Shooting game is a deep-rooted and popular tradition in Alava. From October to February, Gorbea and Izki Natural Parks are well-populated hunting grounds for pigeon, partridge and woodcock.
“I’ve liked game since I was a child when my grandmother used to cook pigeon and dove for us at home. I also worked as a sous-chef at a seminar on game cookery at the catering school and I think that’s where I really got into it,” explains Juan Erauskin, who, having worked previously at Zaldiarán, is currently the chef at restaurant Zabala and one the most-reowned experts in game cuisine in Alava.
“The stewed pigeon is really popular, but the woodcock, although difficult to come across, is the star of the show, thanks to the peculiar, highly nuanced flavour of the meat. It takes between four and five days to be properly hung and for the fibres to relax fully. Following the French ‘faisandage’ tradition, we allow them to hang by the neck until gravity takes its toll and they are deemed ready for consumption.”

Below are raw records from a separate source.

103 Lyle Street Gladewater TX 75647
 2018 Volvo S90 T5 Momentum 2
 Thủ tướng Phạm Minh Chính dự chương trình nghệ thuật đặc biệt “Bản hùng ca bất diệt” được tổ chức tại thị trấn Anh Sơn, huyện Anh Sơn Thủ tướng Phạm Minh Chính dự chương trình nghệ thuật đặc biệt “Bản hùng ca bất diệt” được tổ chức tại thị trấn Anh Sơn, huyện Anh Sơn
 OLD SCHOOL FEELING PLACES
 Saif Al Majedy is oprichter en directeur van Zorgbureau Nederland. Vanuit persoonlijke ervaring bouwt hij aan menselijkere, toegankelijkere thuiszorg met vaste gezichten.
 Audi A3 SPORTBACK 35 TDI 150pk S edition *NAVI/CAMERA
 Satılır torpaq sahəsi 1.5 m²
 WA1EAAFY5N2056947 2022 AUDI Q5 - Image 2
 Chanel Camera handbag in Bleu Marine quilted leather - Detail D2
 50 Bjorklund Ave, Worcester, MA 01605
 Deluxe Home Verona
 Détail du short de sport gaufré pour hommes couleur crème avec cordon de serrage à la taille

“Nowadays, most game lovers order pigeon or partridge. But woodcock is really our star winter dish. We get ours from local hunters. We used to cook hare but people eventually stopped ordering it,” explains Koldo, in the dining room at El Portalón, where he works.
“We cook it in a stew, or roast or flambé it with cognac, and serve it with some chestnut purée on the side. And we normally stew the partridge too, but sometimes,” as Koldo points out, “we cook the thighs and legs separately. We grill the thighs briefly on a flat-top grill and serve them finely chopped, while we roast the legs separately in the oven.”
Larger game hunting is also very popular in Alava, where deer, roe deer and wild boar are readily found. “This kind of wild game needs to be marinated well for the meat to relax properly because they are very strong, muscular animals. Alcohol helps to tenderize the muscle and improve the texture of the meat,” adds Juan Erauskin.